# Blu-ray Picture Quality on LCD vs Rear Projection



## Chunky (Sep 15, 2006)

Hi, I'm not sure if this is the correct the forum for this but I was wondering if someone can help me out with a question..

In a local Costco, I have seen a Blu-ray demo of various Movies (Harry Potter, Spiderman 3, etc) on a pretty high-end Sony 1080p LCD with 120Hz Motion flow. The picture was AMAZING. It looked almost 3d...just like looking through a window. Anyway, I was wondering if this effect is only seen on the high end HDTV's or if all 1080p HDTV's will have similar picture quality effects. 

I currently have a 1080i rear projection and, although the picture is good (when comparing the same blu-ray titles), the 3d/through-the-window effect is just not there. 

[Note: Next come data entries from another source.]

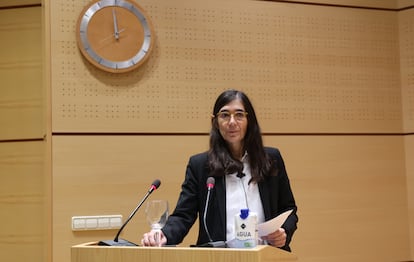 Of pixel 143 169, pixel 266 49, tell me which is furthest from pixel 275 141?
pixel 143 169

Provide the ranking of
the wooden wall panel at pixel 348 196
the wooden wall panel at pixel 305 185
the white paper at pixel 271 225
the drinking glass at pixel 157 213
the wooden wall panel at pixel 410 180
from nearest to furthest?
1. the white paper at pixel 271 225
2. the drinking glass at pixel 157 213
3. the wooden wall panel at pixel 305 185
4. the wooden wall panel at pixel 348 196
5. the wooden wall panel at pixel 410 180

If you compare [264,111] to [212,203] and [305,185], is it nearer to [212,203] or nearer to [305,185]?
[305,185]

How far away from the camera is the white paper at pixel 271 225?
7.22 ft

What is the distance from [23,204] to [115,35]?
1.42m

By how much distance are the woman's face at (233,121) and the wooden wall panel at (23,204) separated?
6.38 feet

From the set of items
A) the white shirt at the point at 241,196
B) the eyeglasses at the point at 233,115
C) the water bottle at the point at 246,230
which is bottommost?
the water bottle at the point at 246,230

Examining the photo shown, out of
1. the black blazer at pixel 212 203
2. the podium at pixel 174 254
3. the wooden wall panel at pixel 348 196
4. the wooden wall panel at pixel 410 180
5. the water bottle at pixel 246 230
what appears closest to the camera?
the podium at pixel 174 254

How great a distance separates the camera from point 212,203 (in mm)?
2572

BTW, I am viewing the the Blu-ray movies through my PS3 and have tried both component and HDMI inputs with the same results.


----------



## Earl Bonovich (Nov 15, 2005)

www.avsforum.com

Would be your best resource for that question


----------



## Chunky (Sep 15, 2006)

I should clarify the question as the following:

Is this effect seen only on high end 1080p LCD HDTV's, or can it be achieved with any 1080p LCD HDTV's. And are the reasons why I'm not seeing the effect because I have 1) 1080i and 2) rear projection?

Thanks again.



Chunky said:


> Hi, I'm not sure if this is the correct the forum for this but I was wondering if someone can help me out with a question..
> 
> In a local Costco, I have seen a Blu-ray demo of various Movies (Harry Potter, Spiderman 3, etc) on a pretty high-end Sony 1080p LCD with 120Hz Motion flow. The picture was AMAZING. It looked almost 3d...just like looking through a window. Anyway, I was wondering if this effect is only seen on the high end HDTV's or if all 1080p HDTV's will have similar picture quality effects.
> 
> ...


----------



## ccr1958 (Aug 29, 2007)

yes i get the 3D effect on my Sony Bravia KDS-60A3000 rear
projection....i was using a 62" toshiba DLP that did not display
1080P inputs as 1080P but only 1080i....on certain movies it is 
quite noticeable....last one being "fantastic 4 rise of the silver surfer"
i rented from netflix last week...i am also using a ps3 with the 2.3
firmware


----------



## ccr1958 (Aug 29, 2007)

sorry....had to hurry past the 666 post count...


----------



## ccr1958 (Aug 29, 2007)

ccr1958 said:


> sorry....had to hurry past the 666 post count...


there...thats better


----------



## Chunky (Sep 15, 2006)

Thanks for your reply. So, just to clarify, it sounds like the reason I'm not seeing the 3d effect is not because I'm using a rear projection but probably because I'm viewing the movies in 1080i....but then again, you are using a Bravia...I wonder if a less expensive 1080p HDTV will show the 3D effect.



ccr1958 said:


> yes i get the 3D effect on my Sony Bravia KDS-60A3000 rear
> projection....i was using a 62" toshiba DLP that did not display
> 1080P inputs as 1080P but only 1080i....on certain movies it is
> quite noticeable....last one being "fantastic 4 rise of the silver surfer"
> ...


----------



## pprather (Nov 12, 2006)

Chunky said:


> Thanks for your reply. So, just to clarify, it sounds like the reason I'm not seeing the 3d effect is not because I'm using a rear projection but probably because I'm viewing the movies in 1080i....but then again, you are using a Bravia...I wonder if a less expensive 1080p HDTV will show the 3D effect.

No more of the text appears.